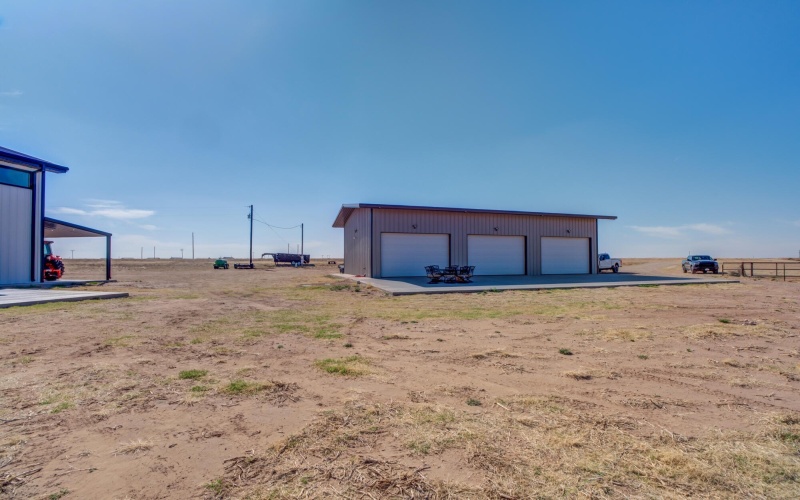 21701 County Rd 2040, Lubbock, TX 79423, 4 Habitaciones Habitaciones , ,5 BañosBaños,Residential,En Venta,21701 County Rd 2040,0,202552395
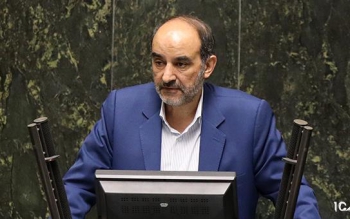گوشت را به گربه می دهیم، می گوییم نخور/ آقای رئیسی! شما صحبت از مبارزه با فساد نکنید / از وزیر حامی فساد، حمایت می کنید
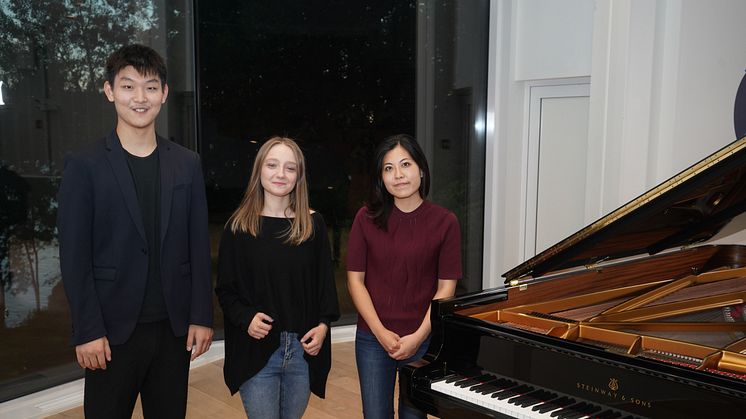 Spente finalister: Zifan Ye, Aleksandra Swigut og ﻿Fuko Ishii er klar for den forrykende finalen i Edvard Grieg Internasjonale Pianokonkurranse (foto: Dag Fosse)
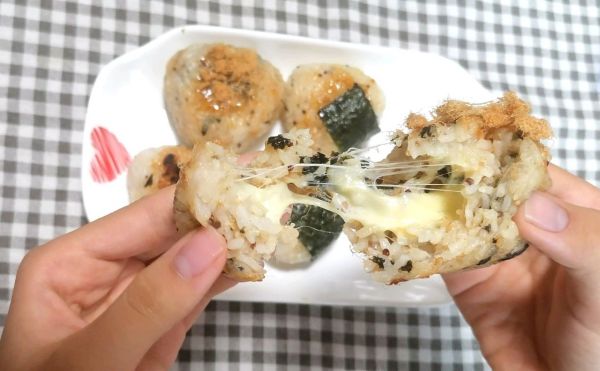 和宝贝一起做肉松海苔饭团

__What to work on__. What you write must match, line for line, the lines from the one with "Spente finalister: Zifan" through the last line of the data above, minus the pictures.

__Exercise response__.
 Spente finalister: Zifan Ye, Aleksandra Swigut og ﻿Fuko Ishii er klar for den forrykende finalen i Edvard Grieg Internasjonale Pianokonkurranse (foto: Dag Fosse)
 和宝贝一起做肉松海苔饭团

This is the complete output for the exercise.